◆ **The problem**: Only the lines from the one that includes "ASHYA Palmetto Mini Belt Bag" through the last line below belong in the reply, copied exactly and without pictures.

Stored data:

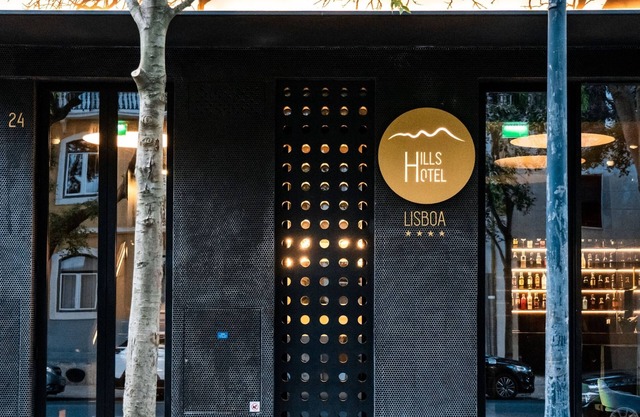 Hills Hotel Lisboa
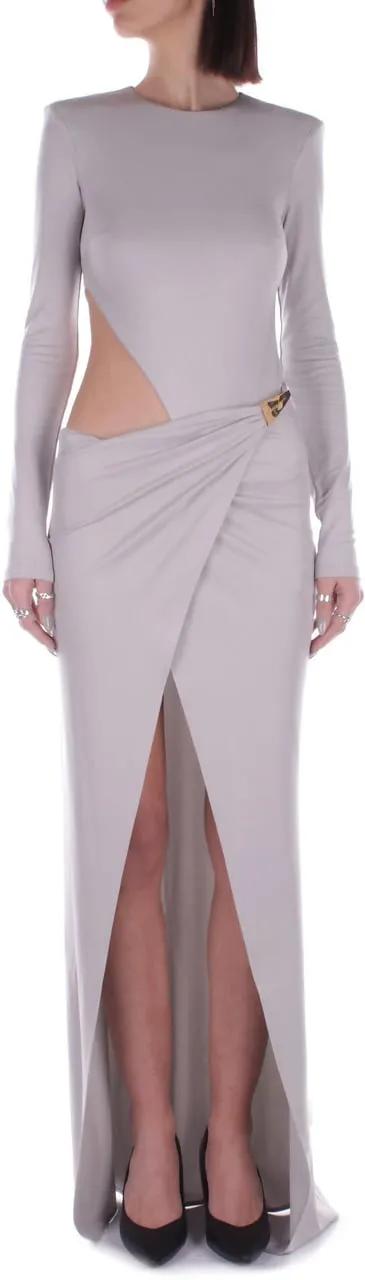 Thumbnail - Elisabetta Franchi - Dresses Perla - Größe 44 - bunt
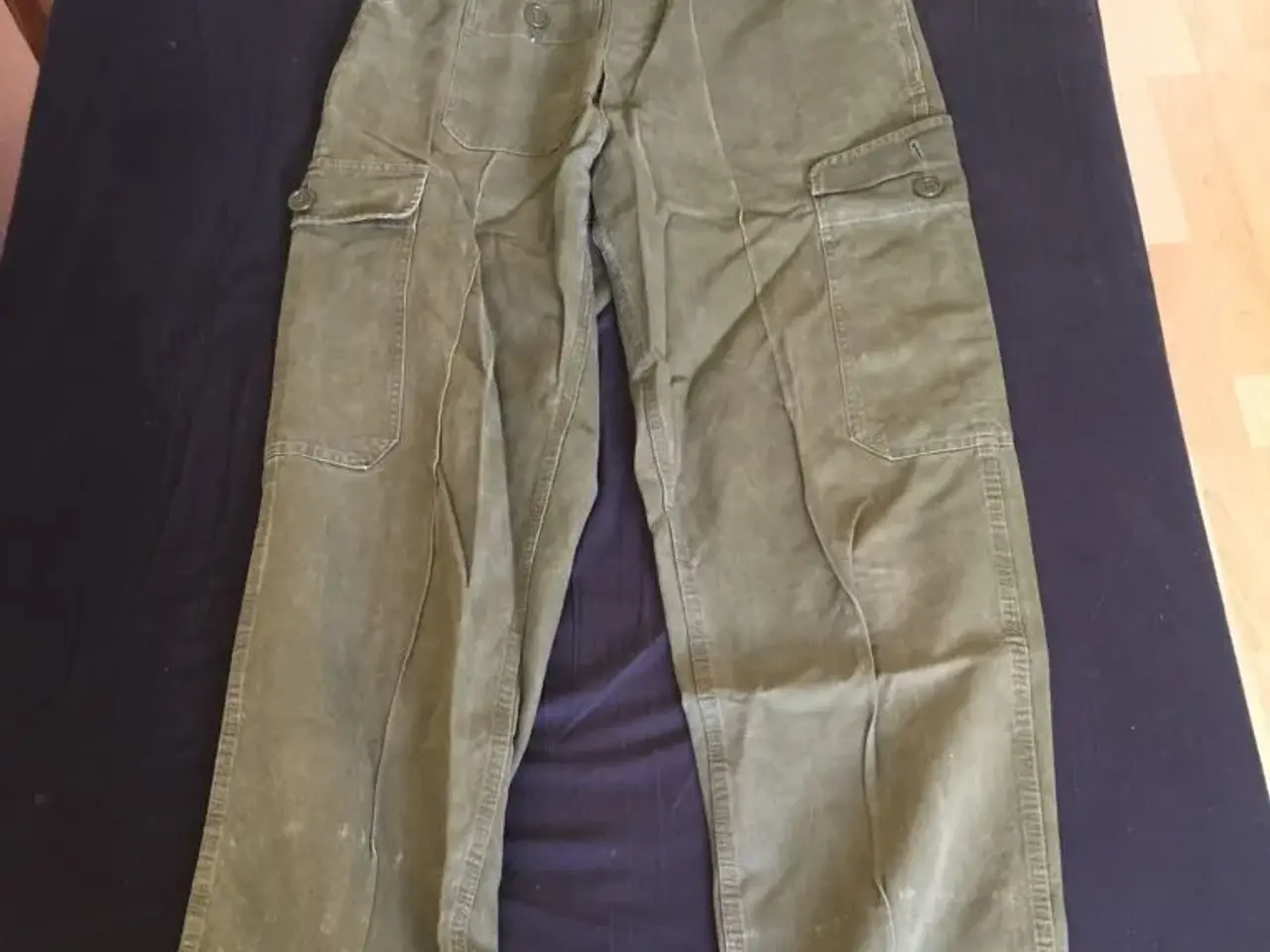 Billede 3 - Dansk Millitærpoliti uniform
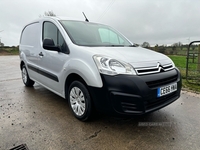 Citroen Berlingo 1.6 HDi 625Kg Enterprise 75ps in Tyrone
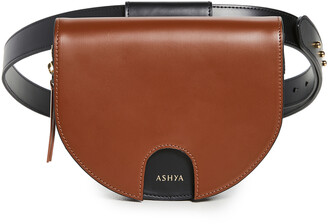 ASHYA Palmetto Mini Belt Bag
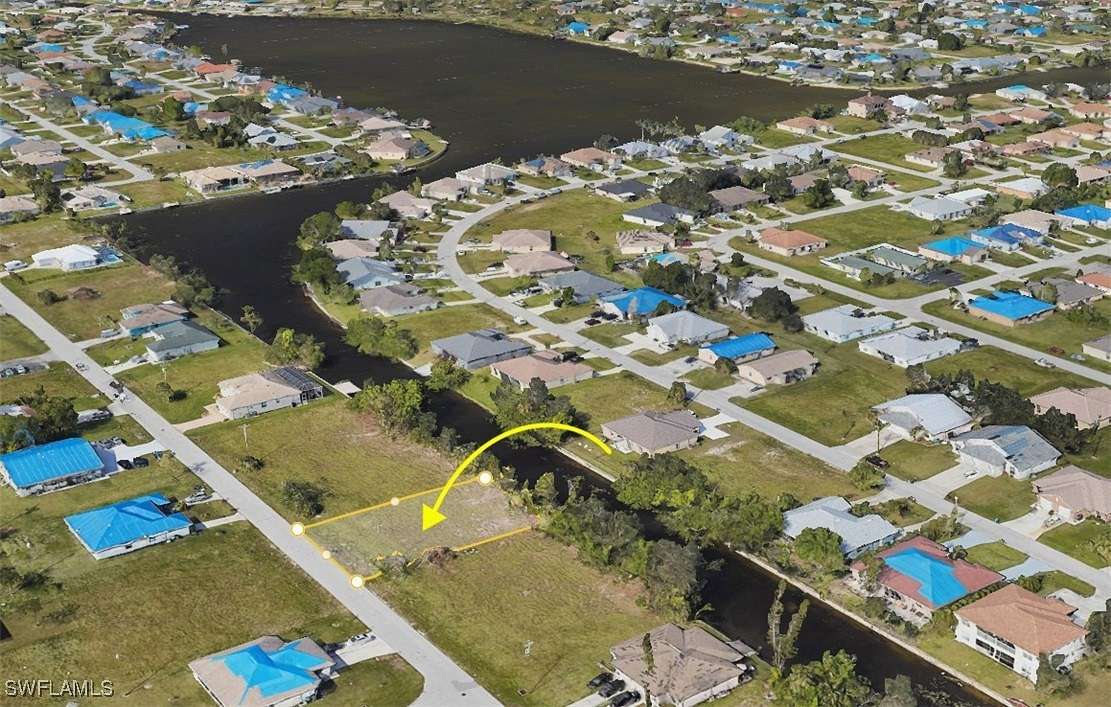 0.23 Acres of Residential Land for Sale in Cape Coral, Florida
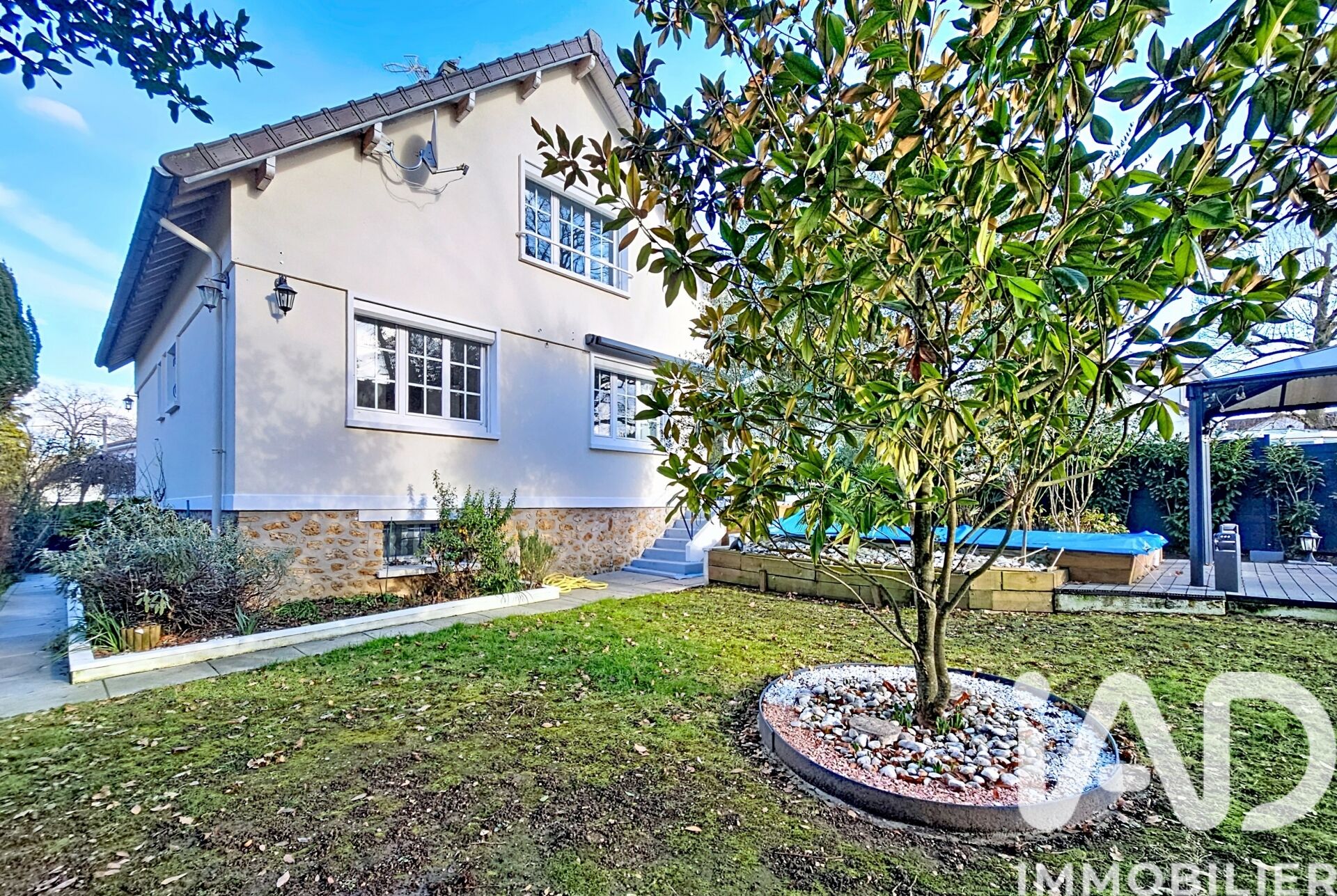 Maison à vendre, 6 pièces, 163 m², Brétigny-sur-Orge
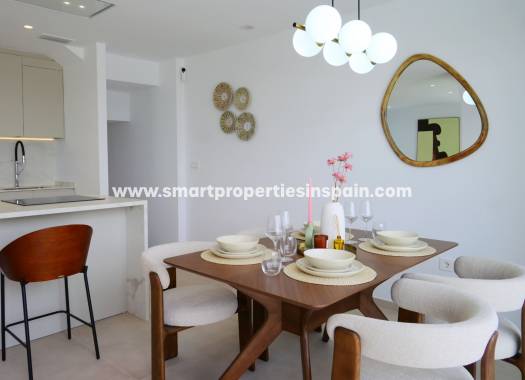 Obra Nueva - Semi Detached Villa - Dolores - dolores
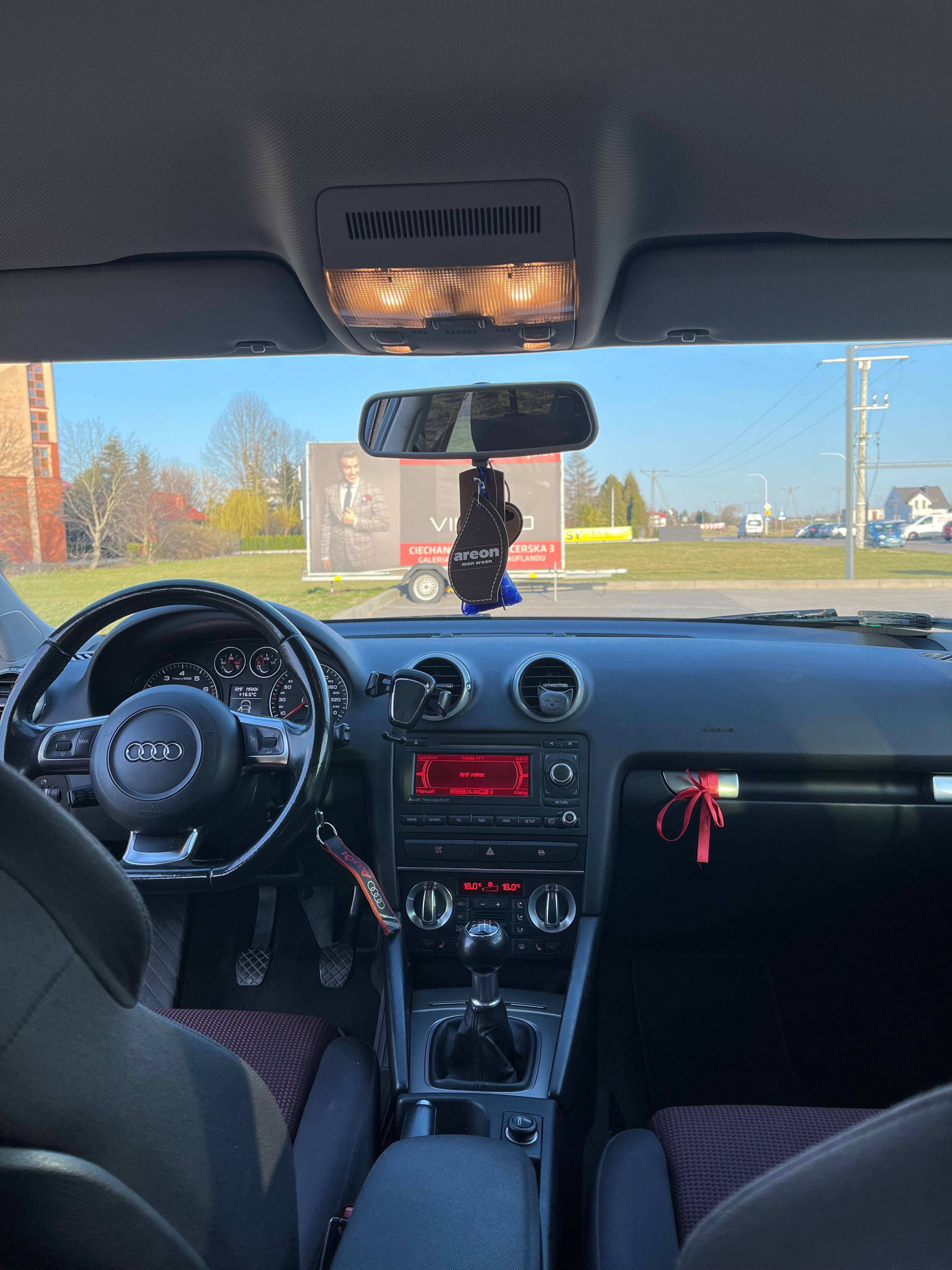 Audi A3 1.8 TFSI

◆ **Response to the exercise**:
 ASHYA Palmetto Mini Belt Bag
 0.23 Acres of Residential Land for Sale in Cape Coral, Florida
 Maison à vendre, 6 pièces, 163 m², Brétigny-sur-Orge
 Obra Nueva - Semi Detached Villa - Dolores - dolores
 Audi A3 1.8 TFSI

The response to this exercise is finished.